Problem requirements:
The data below is to be set down exactly.

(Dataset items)
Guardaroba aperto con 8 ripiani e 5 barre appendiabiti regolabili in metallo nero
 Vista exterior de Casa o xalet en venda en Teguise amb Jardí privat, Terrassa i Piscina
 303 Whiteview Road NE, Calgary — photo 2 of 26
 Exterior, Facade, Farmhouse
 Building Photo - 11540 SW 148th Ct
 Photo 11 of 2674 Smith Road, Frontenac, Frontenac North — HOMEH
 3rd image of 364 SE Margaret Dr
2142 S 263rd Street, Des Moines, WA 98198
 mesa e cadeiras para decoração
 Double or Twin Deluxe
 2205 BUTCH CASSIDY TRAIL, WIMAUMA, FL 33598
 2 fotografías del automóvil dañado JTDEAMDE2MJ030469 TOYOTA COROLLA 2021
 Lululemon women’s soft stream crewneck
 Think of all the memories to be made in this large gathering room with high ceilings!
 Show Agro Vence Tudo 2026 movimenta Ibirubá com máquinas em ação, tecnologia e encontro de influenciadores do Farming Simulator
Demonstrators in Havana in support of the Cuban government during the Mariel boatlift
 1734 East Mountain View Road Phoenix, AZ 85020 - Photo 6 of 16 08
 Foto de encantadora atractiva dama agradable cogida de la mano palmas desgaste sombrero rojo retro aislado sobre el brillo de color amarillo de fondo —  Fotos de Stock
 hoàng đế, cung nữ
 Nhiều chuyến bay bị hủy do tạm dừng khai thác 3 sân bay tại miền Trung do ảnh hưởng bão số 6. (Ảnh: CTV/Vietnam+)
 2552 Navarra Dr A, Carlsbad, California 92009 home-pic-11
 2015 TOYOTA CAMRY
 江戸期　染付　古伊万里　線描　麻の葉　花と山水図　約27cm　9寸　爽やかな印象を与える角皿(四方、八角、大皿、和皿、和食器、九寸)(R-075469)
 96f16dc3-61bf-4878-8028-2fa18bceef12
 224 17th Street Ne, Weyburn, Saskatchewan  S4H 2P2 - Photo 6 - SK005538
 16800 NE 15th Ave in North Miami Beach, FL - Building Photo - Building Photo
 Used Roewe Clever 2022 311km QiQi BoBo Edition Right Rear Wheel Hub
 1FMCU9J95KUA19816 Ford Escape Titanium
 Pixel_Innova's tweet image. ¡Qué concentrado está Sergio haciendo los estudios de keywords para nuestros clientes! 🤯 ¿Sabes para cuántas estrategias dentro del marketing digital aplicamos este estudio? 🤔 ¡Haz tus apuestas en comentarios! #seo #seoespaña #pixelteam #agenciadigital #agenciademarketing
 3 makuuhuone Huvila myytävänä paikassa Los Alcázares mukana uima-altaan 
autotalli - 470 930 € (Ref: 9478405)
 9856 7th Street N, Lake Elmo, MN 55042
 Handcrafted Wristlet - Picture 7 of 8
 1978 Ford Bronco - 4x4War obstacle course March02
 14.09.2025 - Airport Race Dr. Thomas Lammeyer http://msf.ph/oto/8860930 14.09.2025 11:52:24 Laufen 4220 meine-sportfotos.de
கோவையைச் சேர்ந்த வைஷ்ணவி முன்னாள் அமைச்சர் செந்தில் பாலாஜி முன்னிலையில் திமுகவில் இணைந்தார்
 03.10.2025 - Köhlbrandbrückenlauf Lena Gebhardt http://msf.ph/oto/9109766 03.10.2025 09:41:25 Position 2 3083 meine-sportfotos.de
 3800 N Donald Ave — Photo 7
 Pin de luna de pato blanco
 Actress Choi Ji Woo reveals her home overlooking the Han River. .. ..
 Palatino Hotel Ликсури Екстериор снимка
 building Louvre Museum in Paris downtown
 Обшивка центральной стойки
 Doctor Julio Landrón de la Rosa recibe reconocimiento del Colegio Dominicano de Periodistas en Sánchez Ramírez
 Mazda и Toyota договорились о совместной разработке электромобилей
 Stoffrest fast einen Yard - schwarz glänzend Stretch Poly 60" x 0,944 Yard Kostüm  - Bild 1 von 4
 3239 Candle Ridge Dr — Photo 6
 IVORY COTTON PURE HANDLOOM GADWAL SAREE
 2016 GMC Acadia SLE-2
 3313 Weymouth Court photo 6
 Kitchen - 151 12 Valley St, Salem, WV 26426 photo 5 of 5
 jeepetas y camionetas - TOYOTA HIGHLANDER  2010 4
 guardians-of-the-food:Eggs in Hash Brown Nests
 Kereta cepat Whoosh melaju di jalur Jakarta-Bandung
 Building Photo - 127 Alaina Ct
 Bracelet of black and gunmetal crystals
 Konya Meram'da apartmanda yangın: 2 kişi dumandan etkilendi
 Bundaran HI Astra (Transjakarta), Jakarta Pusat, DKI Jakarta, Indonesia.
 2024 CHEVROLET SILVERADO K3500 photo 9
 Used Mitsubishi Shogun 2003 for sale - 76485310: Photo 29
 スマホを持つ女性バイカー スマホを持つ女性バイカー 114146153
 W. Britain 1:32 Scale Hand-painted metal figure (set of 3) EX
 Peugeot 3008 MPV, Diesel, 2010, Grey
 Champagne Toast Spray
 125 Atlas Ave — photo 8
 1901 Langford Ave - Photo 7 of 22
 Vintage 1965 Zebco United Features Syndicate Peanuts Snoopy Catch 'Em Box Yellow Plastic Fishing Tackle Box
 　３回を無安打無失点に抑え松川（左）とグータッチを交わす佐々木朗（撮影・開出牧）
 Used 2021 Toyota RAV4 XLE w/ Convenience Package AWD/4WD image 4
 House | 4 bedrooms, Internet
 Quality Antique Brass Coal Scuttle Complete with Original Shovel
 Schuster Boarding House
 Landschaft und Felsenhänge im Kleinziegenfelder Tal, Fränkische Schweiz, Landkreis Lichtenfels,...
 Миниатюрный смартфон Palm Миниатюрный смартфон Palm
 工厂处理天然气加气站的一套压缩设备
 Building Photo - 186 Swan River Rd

Result:
Guardaroba aperto con 8 ripiani e 5 barre appendiabiti regolabili in metallo nero
 Vista exterior de Casa o xalet en venda en Teguise amb Jardí privat, Terrassa i Piscina
 303 Whiteview Road NE, Calgary — photo 2 of 26
 Exterior, Facade, Farmhouse
 Building Photo - 11540 SW 148th Ct
 Photo 11 of 2674 Smith Road, Frontenac, Frontenac North — HOMEH
 3rd image of 364 SE Margaret Dr
2142 S 263rd Street, Des Moines, WA 98198
 mesa e cadeiras para decoração
 Double or Twin Deluxe
 2205 BUTCH CASSIDY TRAIL, WIMAUMA, FL 33598
 2 fotografías del automóvil dañado JTDEAMDE2MJ030469 TOYOTA COROLLA 2021
 Lululemon women’s soft stream crewneck
 Think of all the memories to be made in this large gathering room with high ceilings!
 Show Agro Vence Tudo 2026 movimenta Ibirubá com máquinas em ação, tecnologia e encontro de influenciadores do Farming Simulator
Demonstrators in Havana in support of the Cuban government during the Mariel boatlift
 1734 East Mountain View Road Phoenix, AZ 85020 - Photo 6 of 16 08
 Foto de encantadora atractiva dama agradable cogida de la mano palmas desgaste sombrero rojo retro aislado sobre el brillo de color amarillo de fondo —  Fotos de Stock
 hoàng đế, cung nữ
 Nhiều chuyến bay bị hủy do tạm dừng khai thác 3 sân bay tại miền Trung do ảnh hưởng bão số 6. (Ảnh: CTV/Vietnam+)
 2552 Navarra Dr A, Carlsbad, California 92009 home-pic-11
 2015 TOYOTA CAMRY
 江戸期　染付　古伊万里　線描　麻の葉　花と山水図　約27cm　9寸　爽やかな印象を与える角皿(四方、八角、大皿、和皿、和食器、九寸)(R-075469)
 96f16dc3-61bf-4878-8028-2fa18bceef12
 224 17th Street Ne, Weyburn, Saskatchewan  S4H 2P2 - Photo 6 - SK005538
 16800 NE 15th Ave in North Miami Beach, FL - Building Photo - Building Photo
 Used Roewe Clever 2022 311km QiQi BoBo Edition Right Rear Wheel Hub
 1FMCU9J95KUA19816 Ford Escape Titanium
 Pixel_Innova's tweet image. ¡Qué concentrado está Sergio haciendo los estudios de keywords para nuestros clientes! 🤯 ¿Sabes para cuántas estrategias dentro del marketing digital aplicamos este estudio? 🤔 ¡Haz tus apuestas en comentarios! #seo #seoespaña #pixelteam #agenciadigital #agenciademarketing
 3 makuuhuone Huvila myytävänä paikassa Los Alcázares mukana uima-altaan 
autotalli - 470 930 € (Ref: 9478405)
 9856 7th Street N, Lake Elmo, MN 55042
 Handcrafted Wristlet - Picture 7 of 8
 1978 Ford Bronco - 4x4War obstacle course March02
 14.09.2025 - Airport Race Dr. Thomas Lammeyer http://msf.ph/oto/8860930 14.09.2025 11:52:24 Laufen 4220 meine-sportfotos.de
கோவையைச் சேர்ந்த வைஷ்ணவி முன்னாள் அமைச்சர் செந்தில் பாலாஜி முன்னிலையில் திமுகவில் இணைந்தார்
 03.10.2025 - Köhlbrandbrückenlauf Lena Gebhardt http://msf.ph/oto/9109766 03.10.2025 09:41:25 Position 2 3083 meine-sportfotos.de
 3800 N Donald Ave — Photo 7
 Pin de luna de pato blanco
 Actress Choi Ji Woo reveals her home overlooking the Han River. .. ..
 Palatino Hotel Ликсури Екстериор снимка
 building Louvre Museum in Paris downtown
 Обшивка центральной стойки
 Doctor Julio Landrón de la Rosa recibe reconocimiento del Colegio Dominicano de Periodistas en Sánchez Ramírez
 Mazda и Toyota договорились о совместной разработке электромобилей
 Stoffrest fast einen Yard - schwarz glänzend Stretch Poly 60" x 0,944 Yard Kostüm  - Bild 1 von 4
 3239 Candle Ridge Dr — Photo 6
 IVORY COTTON PURE HANDLOOM GADWAL SAREE
 2016 GMC Acadia SLE-2
 3313 Weymouth Court photo 6
 Kitchen - 151 12 Valley St, Salem, WV 26426 photo 5 of 5
 jeepetas y camionetas - TOYOTA HIGHLANDER  2010 4
 guardians-of-the-food:Eggs in Hash Brown Nests
 Kereta cepat Whoosh melaju di jalur Jakarta-Bandung
 Building Photo - 127 Alaina Ct
 Bracelet of black and gunmetal crystals
 Konya Meram'da apartmanda yangın: 2 kişi dumandan etkilendi
 Bundaran HI Astra (Transjakarta), Jakarta Pusat, DKI Jakarta, Indonesia.
 2024 CHEVROLET SILVERADO K3500 photo 9
 Used Mitsubishi Shogun 2003 for sale - 76485310: Photo 29
 スマホを持つ女性バイカー スマホを持つ女性バイカー 114146153
 W. Britain 1:32 Scale Hand-painted metal figure (set of 3) EX
 Peugeot 3008 MPV, Diesel, 2010, Grey
 Champagne Toast Spray
 125 Atlas Ave — photo 8
 1901 Langford Ave - Photo 7 of 22
 Vintage 1965 Zebco United Features Syndicate Peanuts Snoopy Catch 'Em Box Yellow Plastic Fishing Tackle Box
 　３回を無安打無失点に抑え松川（左）とグータッチを交わす佐々木朗（撮影・開出牧）
 Used 2021 Toyota RAV4 XLE w/ Convenience Package AWD/4WD image 4
 House | 4 bedrooms, Internet
 Quality Antique Brass Coal Scuttle Complete with Original Shovel
 Schuster Boarding House
 Landschaft und Felsenhänge im Kleinziegenfelder Tal, Fränkische Schweiz, Landkreis Lichtenfels,...
 Миниатюрный смартфон Palm Миниатюрный смартфон Palm
 工厂处理天然气加气站的一套压缩设备
 Building Photo - 186 Swan River Rd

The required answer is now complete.